*** STORED DATA Section Begins ***

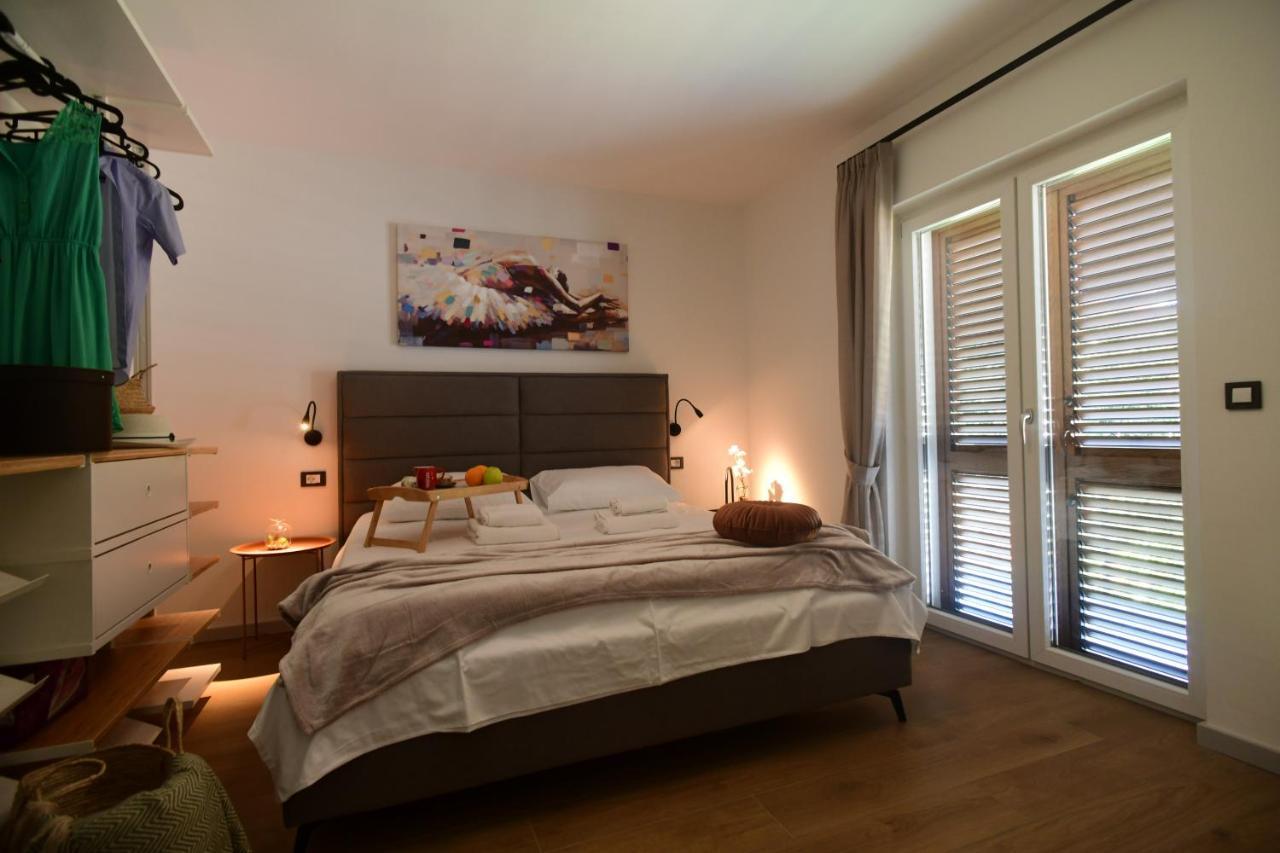Luxury Apartment Vabriga Tar-Vabriga Extérieur photo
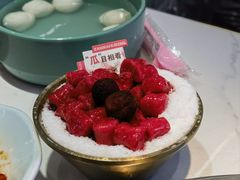 -满兴咱妈烀饼铁锅炖(兰州北街店)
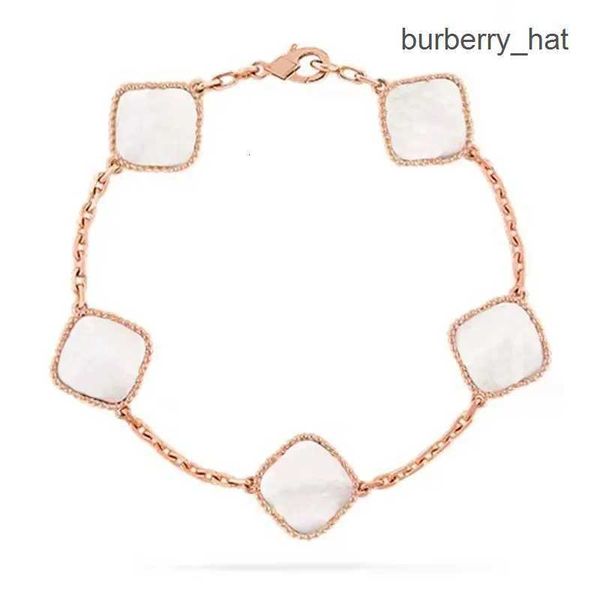 designer bracelet four leaf clover bracelets nail bracelet chain love bangle bracelets for women 18k gold plated gold chain jewelry designer, Golden;silver
designer bracelet four leaf clover bracelets nail bracelet chain love bangle bracelets for women 18k gold plated gold chain jewelry designer, Golden;silver
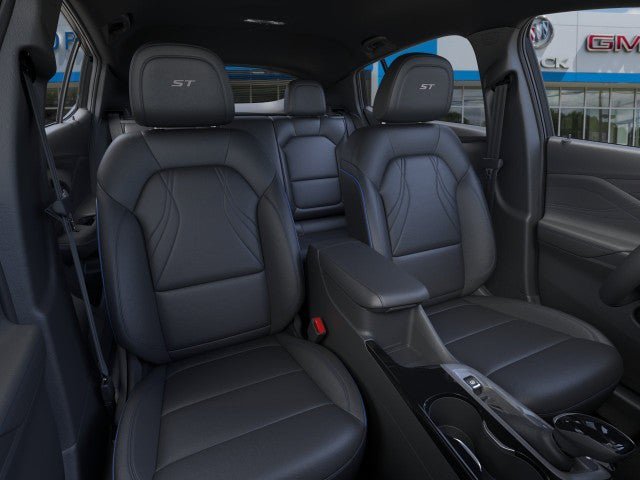 New 2026 Buick Envista Sport Touring w/ Convenience I Package FWD image 16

*** STORED DATA Section Ends ***

→ GOAL OF THE EXERCISE
The records above should be written out exactly, and the images dropped.

→ ANSWER BOX
Luxury Apartment Vabriga Tar-Vabriga Extérieur photo
 -满兴咱妈烀饼铁锅炖(兰州北街店)
 designer bracelet four leaf clover bracelets nail bracelet chain love bangle bracelets for women 18k gold plated gold chain jewelry designer, Golden;silver
designer bracelet four leaf clover bracelets nail bracelet chain love bangle bracelets for women 18k gold plated gold chain jewelry designer, Golden;silver
 New 2026 Buick Envista Sport Touring w/ Convenience I Package FWD image 16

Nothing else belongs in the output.